[RECORDS SUPPLIED Boundary: Start]

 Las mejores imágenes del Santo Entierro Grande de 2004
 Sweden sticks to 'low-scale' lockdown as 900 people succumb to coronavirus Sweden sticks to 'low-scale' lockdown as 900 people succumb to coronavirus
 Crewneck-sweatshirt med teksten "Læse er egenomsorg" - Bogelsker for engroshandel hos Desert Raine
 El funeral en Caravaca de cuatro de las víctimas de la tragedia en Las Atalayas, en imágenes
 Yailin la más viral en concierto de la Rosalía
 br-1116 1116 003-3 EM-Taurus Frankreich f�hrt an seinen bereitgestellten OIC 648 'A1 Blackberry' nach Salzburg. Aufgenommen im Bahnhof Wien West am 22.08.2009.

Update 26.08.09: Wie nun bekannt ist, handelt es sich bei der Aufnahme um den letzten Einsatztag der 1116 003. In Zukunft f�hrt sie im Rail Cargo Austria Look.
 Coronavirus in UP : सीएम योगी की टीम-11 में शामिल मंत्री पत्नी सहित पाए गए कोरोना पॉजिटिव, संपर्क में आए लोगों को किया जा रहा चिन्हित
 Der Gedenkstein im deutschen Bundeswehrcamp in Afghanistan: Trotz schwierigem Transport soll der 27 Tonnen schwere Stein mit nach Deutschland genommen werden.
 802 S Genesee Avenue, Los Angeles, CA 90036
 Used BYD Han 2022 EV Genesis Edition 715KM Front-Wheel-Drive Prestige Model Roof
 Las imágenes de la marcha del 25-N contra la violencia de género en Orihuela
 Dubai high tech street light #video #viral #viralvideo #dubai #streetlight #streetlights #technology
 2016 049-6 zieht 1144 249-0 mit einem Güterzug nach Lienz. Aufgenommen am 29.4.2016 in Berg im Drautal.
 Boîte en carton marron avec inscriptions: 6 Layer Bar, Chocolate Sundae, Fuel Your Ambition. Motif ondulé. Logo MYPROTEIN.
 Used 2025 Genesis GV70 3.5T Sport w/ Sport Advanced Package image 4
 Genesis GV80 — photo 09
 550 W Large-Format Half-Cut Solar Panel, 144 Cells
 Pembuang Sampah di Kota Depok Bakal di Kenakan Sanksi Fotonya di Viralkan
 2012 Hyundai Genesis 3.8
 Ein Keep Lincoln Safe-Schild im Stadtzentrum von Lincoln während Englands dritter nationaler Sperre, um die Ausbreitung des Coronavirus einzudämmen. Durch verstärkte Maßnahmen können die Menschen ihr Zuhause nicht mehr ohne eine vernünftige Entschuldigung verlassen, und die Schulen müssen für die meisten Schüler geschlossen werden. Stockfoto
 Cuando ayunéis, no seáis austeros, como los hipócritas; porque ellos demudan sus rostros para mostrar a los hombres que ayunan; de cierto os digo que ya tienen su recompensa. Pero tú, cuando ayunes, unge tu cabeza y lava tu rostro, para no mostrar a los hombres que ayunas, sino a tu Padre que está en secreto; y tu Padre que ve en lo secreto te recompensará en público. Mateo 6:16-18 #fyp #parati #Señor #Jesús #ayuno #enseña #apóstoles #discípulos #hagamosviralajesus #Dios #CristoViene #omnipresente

[RECORDS SUPPLIED Boundary: End]

-- WORK TO COMPLETE --
Every line above from the line with "to coronavirus Sweden" to the line with "Update 26.08.09: Wie" is wanted, ends included; write them out exactly and add no other line.

-- EXPECTED ANSWER --
 Sweden sticks to 'low-scale' lockdown as 900 people succumb to coronavirus Sweden sticks to 'low-scale' lockdown as 900 people succumb to coronavirus
 Crewneck-sweatshirt med teksten "Læse er egenomsorg" - Bogelsker for engroshandel hos Desert Raine
 El funeral en Caravaca de cuatro de las víctimas de la tragedia en Las Atalayas, en imágenes
 Yailin la más viral en concierto de la Rosalía
 br-1116 1116 003-3 EM-Taurus Frankreich f�hrt an seinen bereitgestellten OIC 648 'A1 Blackberry' nach Salzburg. Aufgenommen im Bahnhof Wien West am 22.08.2009.

Update 26.08.09: Wie nun bekannt ist, handelt es sich bei der Aufnahme um den letzten Einsatztag der 1116 003. In Zukunft f�hrt sie im Rail Cargo Austria Look.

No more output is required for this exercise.